> [HOW TO COMPLETE THIS TASK]
Where in the records does the word "Blue" occur? Copy each line in which it does.

> [MATERIAL TO PROCESS]
● ● ●

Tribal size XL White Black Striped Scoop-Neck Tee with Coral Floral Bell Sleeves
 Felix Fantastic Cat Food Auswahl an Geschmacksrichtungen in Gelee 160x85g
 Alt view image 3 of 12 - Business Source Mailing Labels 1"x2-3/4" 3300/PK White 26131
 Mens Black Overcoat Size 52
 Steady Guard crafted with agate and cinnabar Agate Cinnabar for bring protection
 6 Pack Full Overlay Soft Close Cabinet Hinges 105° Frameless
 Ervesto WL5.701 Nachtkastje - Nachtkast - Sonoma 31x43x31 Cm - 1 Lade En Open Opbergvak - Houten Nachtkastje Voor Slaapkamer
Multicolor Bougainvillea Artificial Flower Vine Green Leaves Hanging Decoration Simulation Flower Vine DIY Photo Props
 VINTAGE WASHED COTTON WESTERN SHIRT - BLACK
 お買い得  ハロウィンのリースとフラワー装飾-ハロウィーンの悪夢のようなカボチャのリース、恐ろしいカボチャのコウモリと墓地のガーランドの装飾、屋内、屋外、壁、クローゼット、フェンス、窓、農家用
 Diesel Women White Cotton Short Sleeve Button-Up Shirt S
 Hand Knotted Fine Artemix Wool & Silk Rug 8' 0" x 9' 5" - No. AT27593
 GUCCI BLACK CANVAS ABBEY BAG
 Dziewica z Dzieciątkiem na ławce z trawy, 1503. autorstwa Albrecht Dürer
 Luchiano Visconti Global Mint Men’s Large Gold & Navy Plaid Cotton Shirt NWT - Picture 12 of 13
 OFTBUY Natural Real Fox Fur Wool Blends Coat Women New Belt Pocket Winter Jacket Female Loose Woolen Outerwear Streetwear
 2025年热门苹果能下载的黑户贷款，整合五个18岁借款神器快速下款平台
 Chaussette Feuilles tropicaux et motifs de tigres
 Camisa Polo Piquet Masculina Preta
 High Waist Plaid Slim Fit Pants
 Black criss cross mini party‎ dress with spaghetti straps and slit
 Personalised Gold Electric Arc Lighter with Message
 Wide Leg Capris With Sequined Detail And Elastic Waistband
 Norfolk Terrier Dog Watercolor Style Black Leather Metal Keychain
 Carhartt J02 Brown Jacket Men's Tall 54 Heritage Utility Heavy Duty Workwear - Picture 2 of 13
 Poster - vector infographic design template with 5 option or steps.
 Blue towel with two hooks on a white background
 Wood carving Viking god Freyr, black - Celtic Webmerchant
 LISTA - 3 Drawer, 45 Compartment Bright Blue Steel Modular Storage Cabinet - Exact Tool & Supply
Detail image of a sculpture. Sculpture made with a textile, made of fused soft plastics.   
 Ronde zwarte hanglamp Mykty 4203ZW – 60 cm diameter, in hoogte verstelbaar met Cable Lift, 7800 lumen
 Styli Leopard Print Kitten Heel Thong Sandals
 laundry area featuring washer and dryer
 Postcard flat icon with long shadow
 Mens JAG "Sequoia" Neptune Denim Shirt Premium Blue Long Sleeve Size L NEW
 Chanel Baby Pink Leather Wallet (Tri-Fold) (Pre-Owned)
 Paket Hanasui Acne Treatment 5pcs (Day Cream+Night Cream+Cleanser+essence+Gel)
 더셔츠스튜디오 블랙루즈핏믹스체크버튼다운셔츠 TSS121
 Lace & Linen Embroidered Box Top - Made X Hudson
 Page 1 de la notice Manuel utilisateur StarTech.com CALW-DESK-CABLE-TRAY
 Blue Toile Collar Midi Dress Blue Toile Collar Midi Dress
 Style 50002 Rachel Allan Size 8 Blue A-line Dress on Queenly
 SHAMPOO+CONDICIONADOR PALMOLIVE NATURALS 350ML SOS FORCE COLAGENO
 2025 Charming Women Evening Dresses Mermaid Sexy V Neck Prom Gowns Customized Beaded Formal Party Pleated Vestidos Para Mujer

● ● ●

> [EXERCISE RESPONSE]
 Blue towel with two hooks on a white background
 LISTA - 3 Drawer, 45 Compartment Bright Blue Steel Modular Storage Cabinet - Exact Tool & Supply
 Mens JAG "Sequoia" Neptune Denim Shirt Premium Blue Long Sleeve Size L NEW
 Blue Toile Collar Midi Dress Blue Toile Collar Midi Dress
 Style 50002 Rachel Allan Size 8 Blue A-line Dress on Queenly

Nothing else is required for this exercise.